Пробовали заставить мальчика делиться игрушками, пробовали отнимать у него эти игрушки, пробовали стыдить его, пробовали уговаривать – не помогает. Попробуем по-другому, повеселее:
– Хочешь и мою тарелку? Пожалуйста, бери, мне не жалко! Сколько еще поставить? Одну? Две? Вот какой у нас парень хороший, он, наверное, богатырь будет – сколько каши ест! Нет, он у нас не жадный, просто он очень любит кашу!
Не дает игрушки другому?
– Нет, он совсем не жадный, он просто бережет игрушки, не ломает их, не теряет. Он бережливый, понимаете? И потом, это ему только сегодня не хочется отдать игрушку, а вчера он отдавал и завтра отдаст, поиграет сам и отдаст, потому что он не жадный. У нас в семье жадных нет: и мама не жадная, и папа не жадный, а сын у нас самый щедрый из всех!
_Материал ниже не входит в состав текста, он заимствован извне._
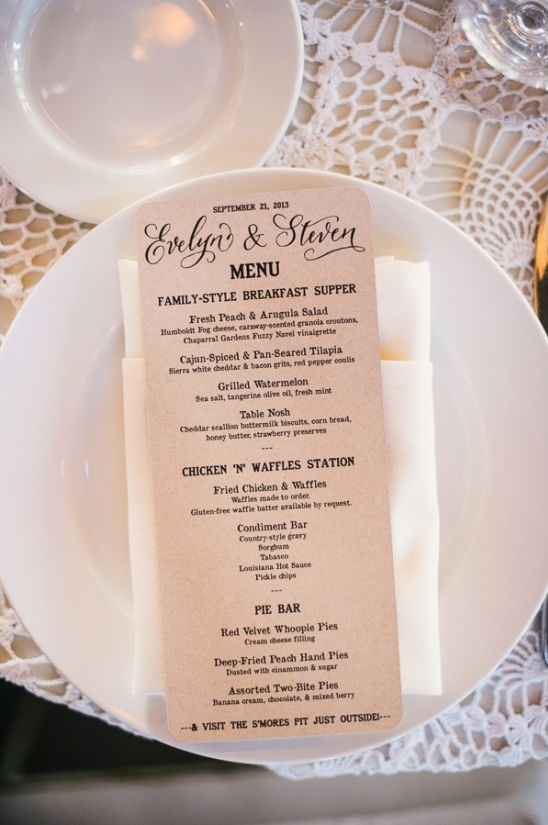 Wedding breakfast menu: Tilapia, waffles, pies, s'mores
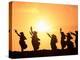 Silhouette of Hula Dancers at Sunrise, Molokai, Hawaii, USA-null-Premier Image Canvas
Но теперь надо же дать ребенку возможность на деле проявить свою щедрость. Сто случаев жадности оставим без внимания и осуждения, а вот один случай щедрости, пусть нечаянной, превратим в событие. Скажем, в день его рождения дадим ему конфет – раздай ребятам в детском саду, у тебя же сегодня праздник… Раздаст, а как же иначе! И если бежит во двор с печеньем, дайте ему еще несколько штук для товарищей – дети во дворе обожают все съестное, кажется, век их не кормили.
Я знаю дом, где детям никогда не давали одной конфетки, одного яблока, одного ореха – обязательно всего по два. Даже кусок хлеба, подавая, ломали пополам, чтобы было два куска, чтобы не появлялось у ребенка ощущения «последнего», а всегда казалось бы ему, что у него всего много и потому можно и поделиться с кем-нибудь. Чтобы и не возникало этого чувства – жалко отдать! А вот делиться-то и не принуждали, и не побуждали – лишь предоставляли такую возможность.